Dissatisfied with the Agency's ruling, Saint-Gobain ZN (plaintiff) challenged it before the Finanzgericht (Finance Court) in Cologne. Plaintiff complained of the Agency's refusal to grant it three tax concessions that would have enabled it to avoid having to pay German taxes on dividend income already taxed in the United States and elsewhere.


First, the Agency had decided that the (then applicable) 1954 Treaty for the Avoidance of Double Taxation between Germany and the United States [as amended by the Protocol of September 1965] limited its exemption from German corporate taxes to German entities subject to unlimited tax liability. The Agency also refused plaintiff a credit for the corporation tax levied on the profits distributed by the foreign subsidiaries and sub-subsidiaries of Saint-Gobain SA in the countries in which they are established because German law also restricts this concession to companies subject in Germany to unlimited tax liability. Finally, the Agency failed to allow Saint-Gobain SA the capital tax concession for "international groups" provided for by the German Law on the Evaluation of Assets on the theory that this provision applied only to domestic companies limited by shares.

Invoking EC law, plaintiff argued that the Agency rulings violated the combined provisions of former Articles 52 and 58 of the Treaty of Rome when they excluded a French company's permanent establishment in Germany from the benefits of the above tax concessions.
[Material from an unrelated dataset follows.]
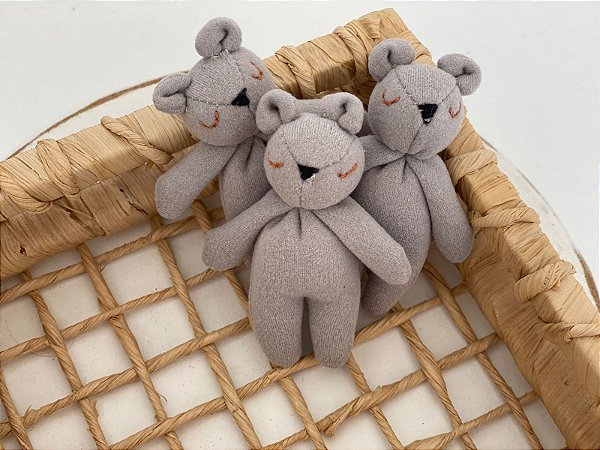 Mini Ursinho Soninho Cinza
Both Articles deal with the Right of Establishment.

Perceiving crucial issues of EC law, the Finanzgericht sought a preliminary ruling from the European Court of Justice. The European Court of Justice first points out that well-settled case law regards Article 52 as a fundamental Treaty provision (along with Article 58) directly applicable within the legal systems of the Member States since the end of the transitional period.

The Court rules for plaintiff on the legal issues. "... [T]he refusal to grant the tax concessions in question to the permanent establishments in Germany of non‑resident companies makes it less attractive for those companies to have intercorporate holdings through German branches, since under German law and double‑taxation treaties the tax concessions in question can only be granted to German subsidiaries which, as legal persons, are subject to unlimited tax liability, which thus restricts the freedom to choose the most appropriate legal form for the pursuit of activities in another Member State, which the second sentence of the first paragraph of Article 52 of the Treaty expressly confers on economic operators."
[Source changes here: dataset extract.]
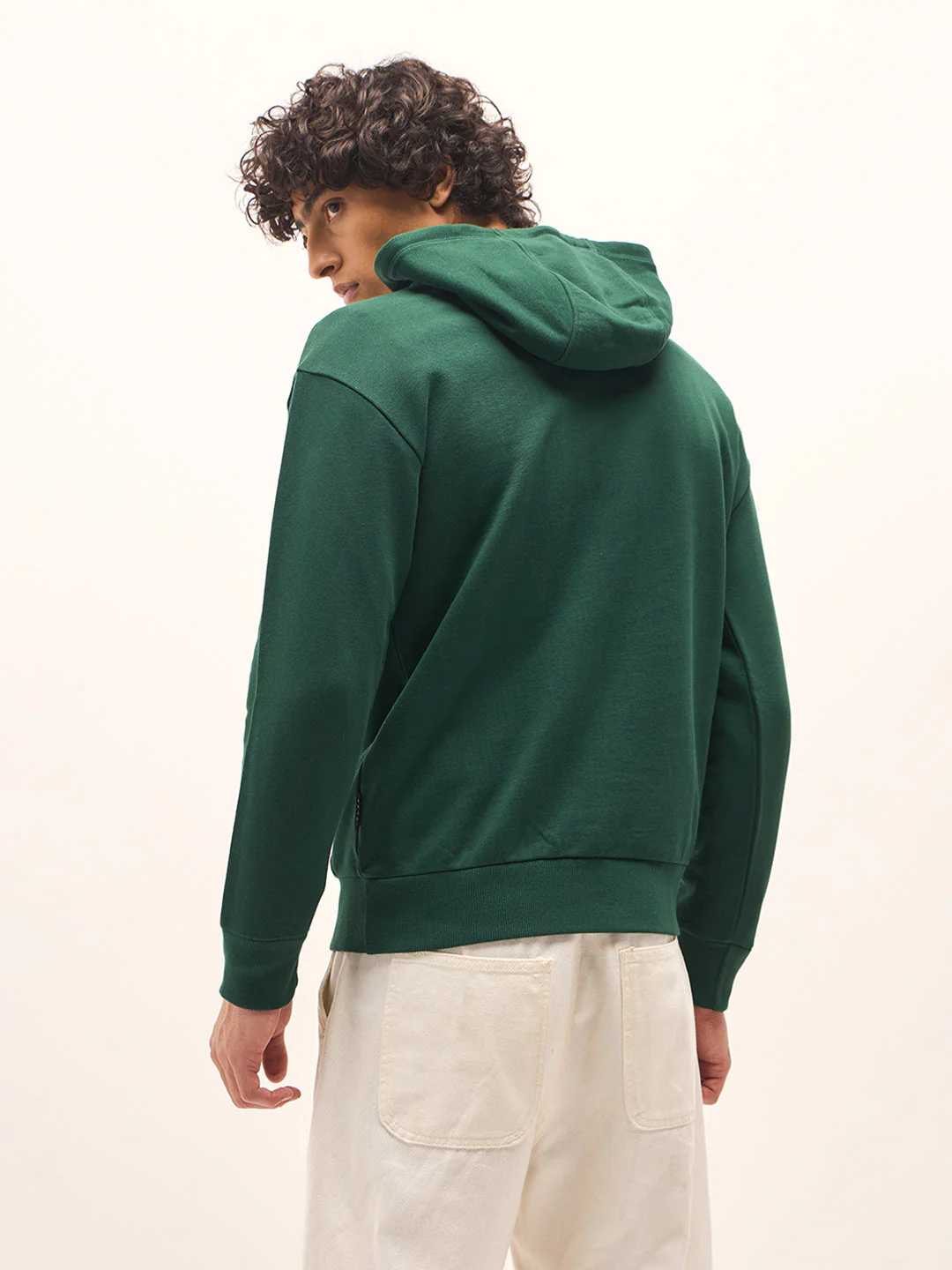 Men Green Relaxed Fit Hoodie - Image 2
"The difference in treatment to which branches of non‑resident companies are subject in comparison with resident companies as well as the restriction of the freedom to choose the form of secondary establishment must be regarded as constituting a single composite infringement of Articles 52 and 58 of the Treaty." [Paras. 42-43]

The Court also rejects Germany's argument that the impact of bilateral tax treaties with non-member countries lies outside the sphere of Community competence. The Court concedes that, in the absence of unifying or harmonizing measures adopted at the Community level, the Member States retain their competence to decide on the criteria for taxing income and wealth so as to get rid of double taxation by treaty.


"According to the settled case‑law of the Court, although direct taxation is a matter for the Member States, they must nevertheless exercise their taxation powers consistently with Community law. In the case of a double‑taxation treaty concluded between a Member State and a non‑member country, the national treatment principle requires the Member State which is party to the treaty to grant to permanent establishments of non‑resident companies the advantages provided for by that treaty on the same conditions as those which apply to resident companies." [Paras. 57-58]

Citation: Compagnie de Saint-Gobain v. Finanzamt, Koeln, Case C‑307/97, C‑307/99 (September 21, 1999).


TRADE

U.S. Department of Commerce not only eases restrictions on exports of U.S. encryption equipment and software, but also allows exports to non-government end-users everywhere thus opening up global markets for U.S. encryption products

Effective January 14, 2000, the U.S. Department of Commerce, Bureau of Export Administration, has issued an interim final rule on exports of encryption equipment. It implements the encryption policy announced by the White House on September 16 last and simplifies U.S. encryption export rules. The principles of the new approach entail (1) technical review of encryption products before sale, (2) a streamlined post-export reporting system, and (3) reviewing exports of strong encryption to foreign governments. Businesses can export mass-produced encryption software without restrictions.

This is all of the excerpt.